Sem mais nenhuma chance real de gol, as duas equipes retornaram para o segundo tempo sem mudanças. Apenas 45 minutos e dois gols separavam o Remo da classificação. Aos 10 minutos, Fábio Oliveira cabeceou a bola no travessão, após escanteio de Dida. Não demorou muito, aos 22, o mesmo atacante remista perseguiu a bola na linha de fundo e cruzou certeiro para Ratinho ampliar, Remo 2 a 0. Festa nas arquibancadas e a sensação de “agora vai”.
Depois, Marcelo Veiga tirou o volante André, machucado no supercílio, e colocou Jhonnatan. O excesso de faltas já prejudicava e era visível o nervosismo do time. Nervosismo que se transformou em desespero aos 34 minutos. Nonato, que acabou com o Remo no primeiro jogo, ganhou uma bola na intermediária, passando por Ávalos, e depois cruzou rasteiro para Ygor marcar o gol. O balde de água fria paralisou a torcida.
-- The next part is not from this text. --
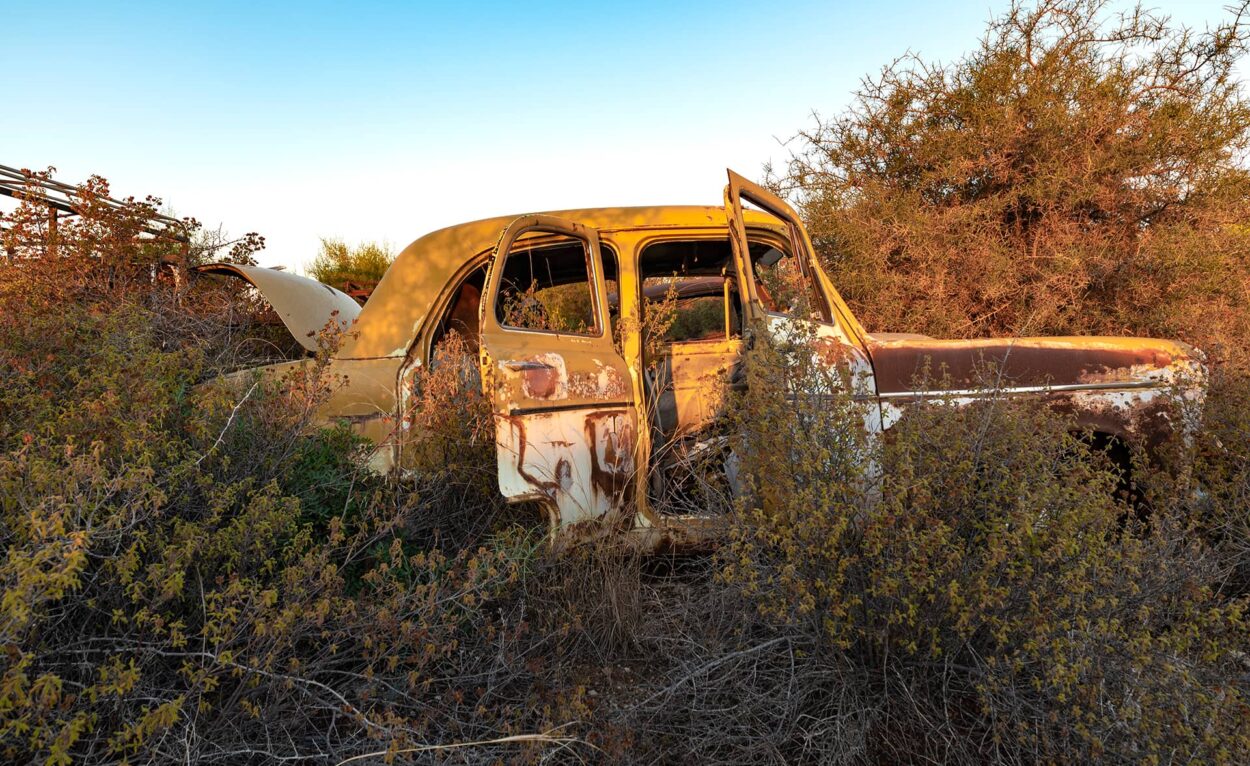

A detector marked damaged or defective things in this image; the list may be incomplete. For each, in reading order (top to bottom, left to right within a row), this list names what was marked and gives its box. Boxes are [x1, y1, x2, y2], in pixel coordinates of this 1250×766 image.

rusty car body [200, 171, 1205, 547]
abandoned car [197, 171, 1210, 547]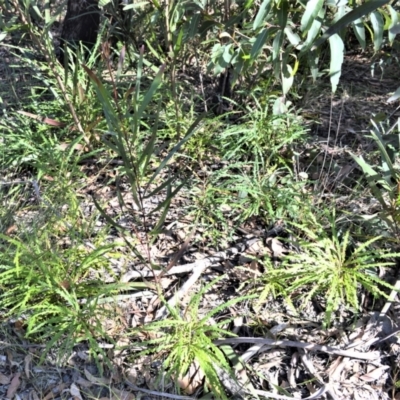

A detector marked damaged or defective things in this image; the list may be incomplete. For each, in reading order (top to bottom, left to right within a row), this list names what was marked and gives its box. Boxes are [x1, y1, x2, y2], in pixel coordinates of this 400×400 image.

burnt wood piece [58, 0, 101, 64]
Em campo, o time também entrou em choque. Veiga colou Reis no lugar de Ratinho e, somente aos 46, resolveu tirar Cassiano para a entrada de Marcelo Maciel. Não adiantou e, por mais um ano, o Remo passa vergonha dentro de casa e sai da Série D pela porta dos fundos. Agora, é tempo de novo recomeço e esperança de que, dessa vez, a lição tenha sido aprendida pelos dirigentes e que eles incorporem palavras como planejamento e profissionalismo em seus dicionários.
IMATURIDADE
Para Fábio Oliveira, time poderia ter valorizado mais a posse de bola com o 2 a 0 a favor. É hora dos lamentos e das explicações de praxe.
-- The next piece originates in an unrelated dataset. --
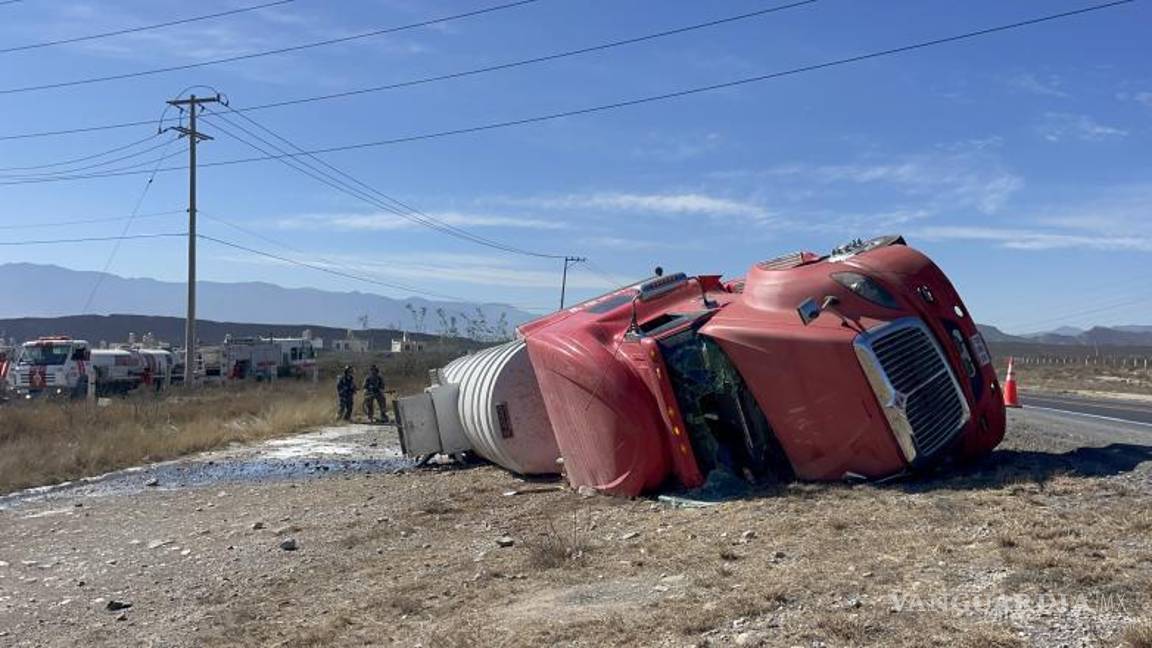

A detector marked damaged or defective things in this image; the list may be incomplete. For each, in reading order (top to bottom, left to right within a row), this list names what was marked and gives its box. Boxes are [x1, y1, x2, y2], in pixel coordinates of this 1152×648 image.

overturned red semi truck [400, 236, 1004, 493]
A eliminação inesperada do Clube do Remo pegou todo mundo de surpresa. Não quer dizer que o time entrou em campo já acima do adversário, mas o trabalho desenvolvido até o último coletivo encheu os olhos da torcida e ela veio em peso. Porém, após o fracasso, restou uma dúvida que poucos arriscaram responder com sinceridade: de quem foi a culpa? O primeiro foi o zagueiro Raphael Andrade, autor do primeiro gol. O grandalhão não foi responsável direto pelo gol do Mixto, foi eficiente em boa parte do jogo, mas na hora da explicação, preferiu ser discreto. “Ficamos muito chateados, é uma hora de falar pouco, porque estamos de cabeça quente e pra não falar besteira é melhor ficar calado, mas agora vamos ver o que vai acontecer”, resumiu.
Já o atacante Fábio Oliveira, creditou o fracasso aos erros do passado, novamente responsáveis pela queda azulina. “É difícil, a torcida não quer escutar isso. Mas uma vez no contra-ataque eles fizeram o gol. Onde não podíamos errar nos erramos. O placar tava em 2 a 0. Poderíamos segurar o placar, mas infelizmente aconteceu. Era pra trabalhar a bola, mas a imaturidade do time fez isso”, define o atacante.
Já o técnico Marcelo Veiga pensou por outra variável. Segundo ele, as substituições foram positivas, e a entrada do zagueiro Ávalos, recém-curado de uma lesão muscular, não foi crucial para o fracasso do time, mesmo perdendo a bola para o atacante Nonato, que cruzou para o gol de Ygor. “O Ávalos foi muito bem, apesar de não vir jogando. Usou toda a experiência que tem e desarticulou várias jogadas de ataque. E acho que a saída do André e do Ratinho foram cruciais. O Ávalos teve que sair lá atrás e com a ausência do André, ele precisou sair e isso desestabilizou a defesa”, explica, numa opinião contrária à torcida e a crônica esportiva, desconfiada do zagueiro desde o início e que ao final provou ser uma peça frágil para o contragolpe fatal do Mixto.